## EXERCISE GOAL
With pictures removed, print the listing exactly.

[GIVEN MATERIAL Boundary: Start]

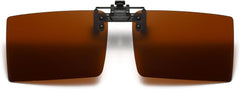 Long Keeper Rimless Clip On Sunglasses Square Polarized Sunglasses over Prescription Glasses for Women Men Filp Up Sunglasses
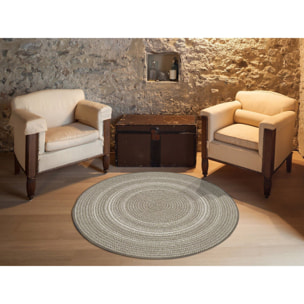 Alfombra de exterior-interior Silvana Lino, 120Ø cm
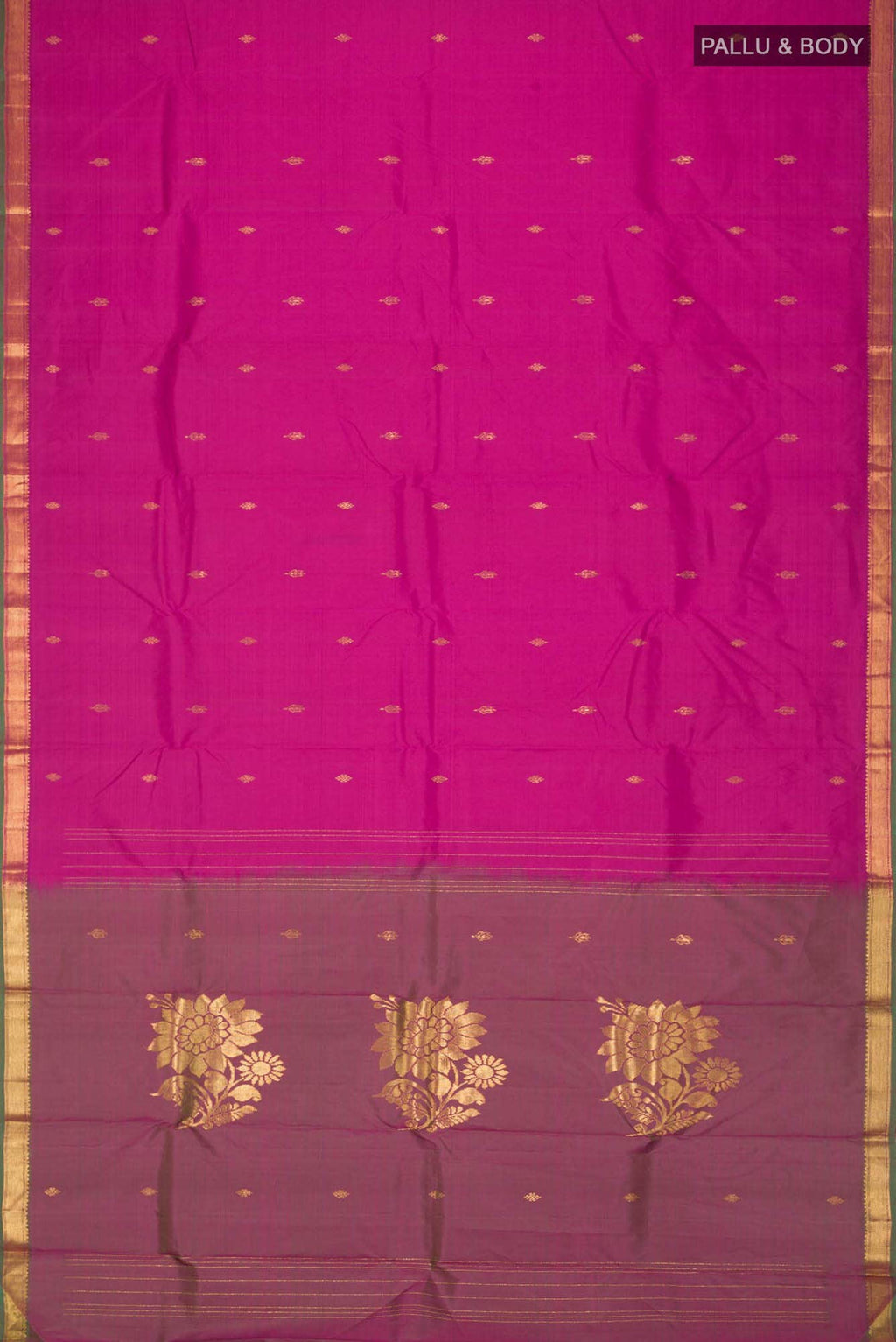 Pink Kanchipuram Silk Saree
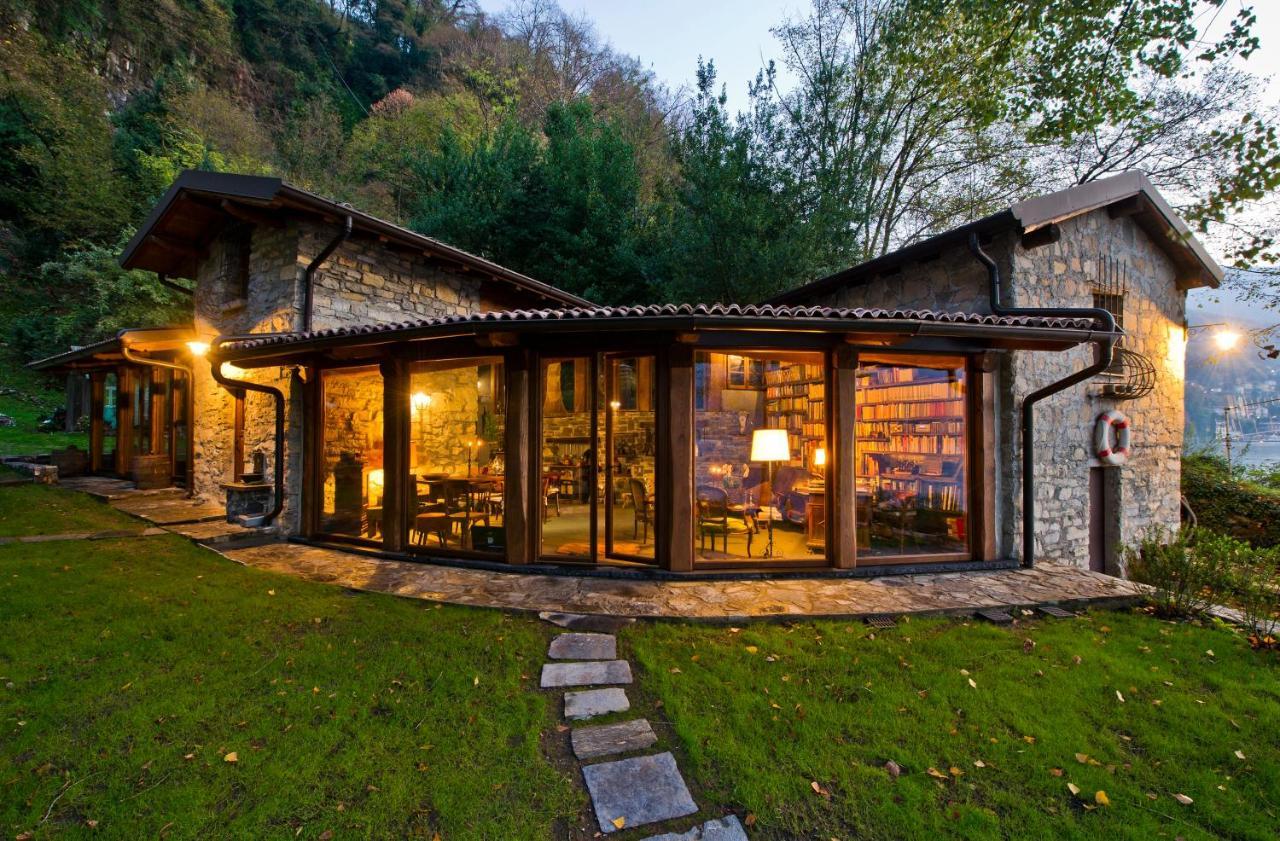 The Writer'S Nest Waterfront Villa By Rent All Como Faggeto Lario Exterior photo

[GIVEN MATERIAL Boundary: End]

## RESULT
 Long Keeper Rimless Clip On Sunglasses Square Polarized Sunglasses over Prescription Glasses for Women Men Filp Up Sunglasses
 Alfombra de exterior-interior Silvana Lino, 120Ø cm
 Pink Kanchipuram Silk Saree
 The Writer'S Nest Waterfront Villa By Rent All Como Faggeto Lario Exterior photo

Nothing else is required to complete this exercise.